Extracted records —
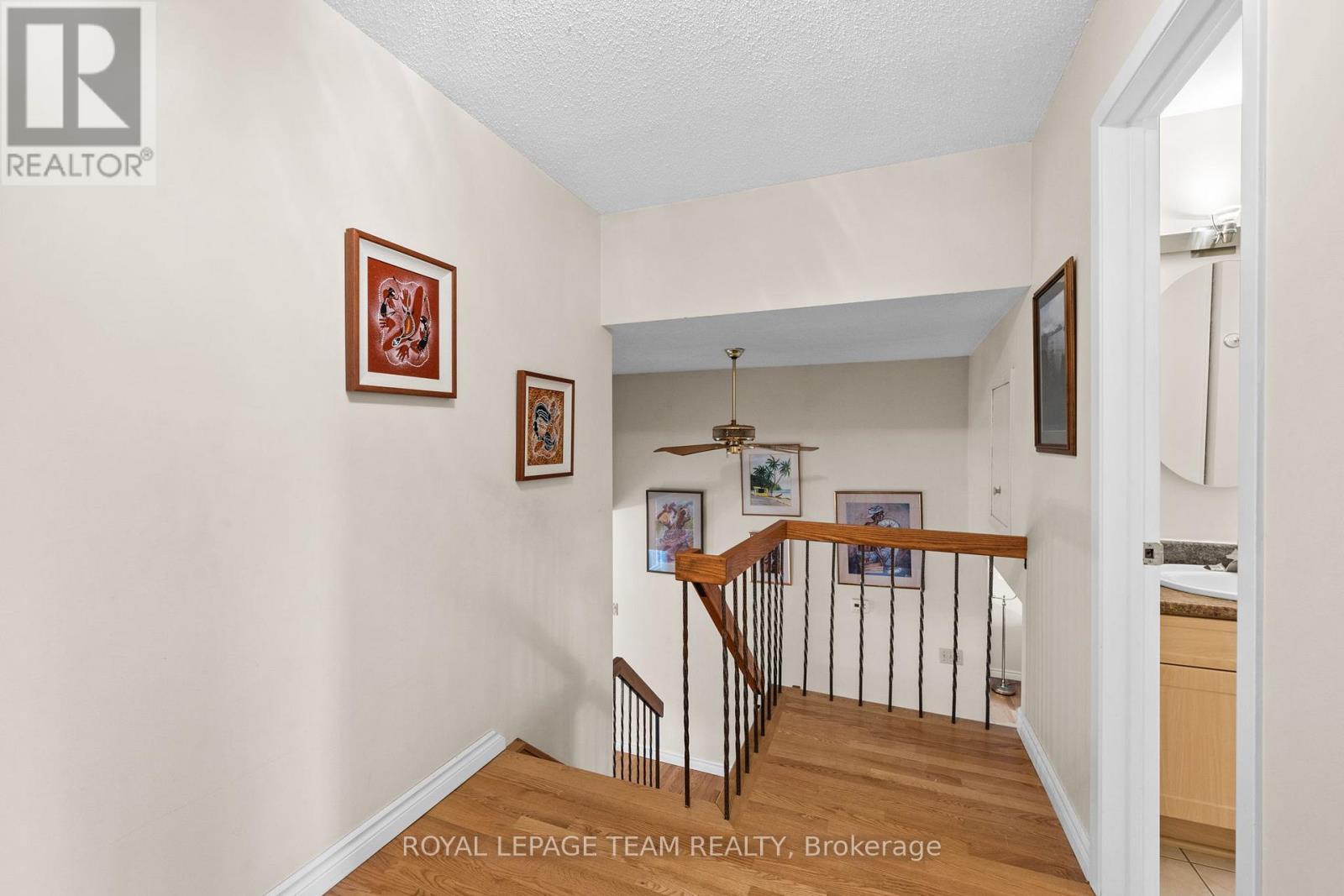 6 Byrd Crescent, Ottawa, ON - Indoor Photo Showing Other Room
==
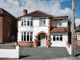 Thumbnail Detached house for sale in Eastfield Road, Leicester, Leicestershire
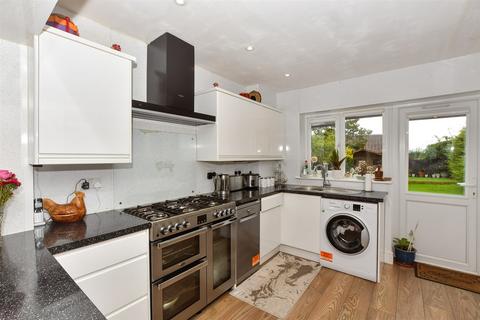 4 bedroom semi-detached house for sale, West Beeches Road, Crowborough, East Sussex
---
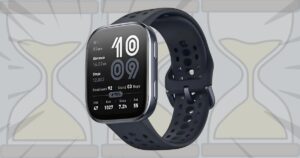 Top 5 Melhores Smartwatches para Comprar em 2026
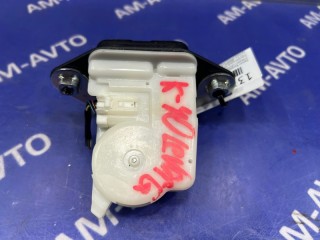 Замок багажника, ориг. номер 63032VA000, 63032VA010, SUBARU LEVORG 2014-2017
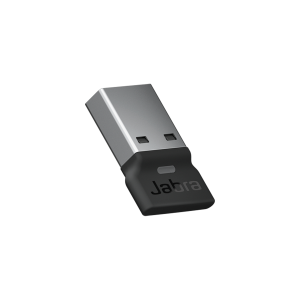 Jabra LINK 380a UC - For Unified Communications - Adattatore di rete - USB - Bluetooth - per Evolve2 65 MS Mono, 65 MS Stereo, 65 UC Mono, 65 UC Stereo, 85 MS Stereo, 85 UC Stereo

Work instruction — Working from the data above, repeat exactly, and only, the lines that begin at the line containing "Thumbnail Detached house" and stop after the line containing "4 bedroom semi-detached"; pictures are not copied.

Final answer —
 Thumbnail Detached house for sale in Eastfield Road, Leicester, Leicestershire
 4 bedroom semi-detached house for sale, West Beeches Road, Crowborough, East Sussex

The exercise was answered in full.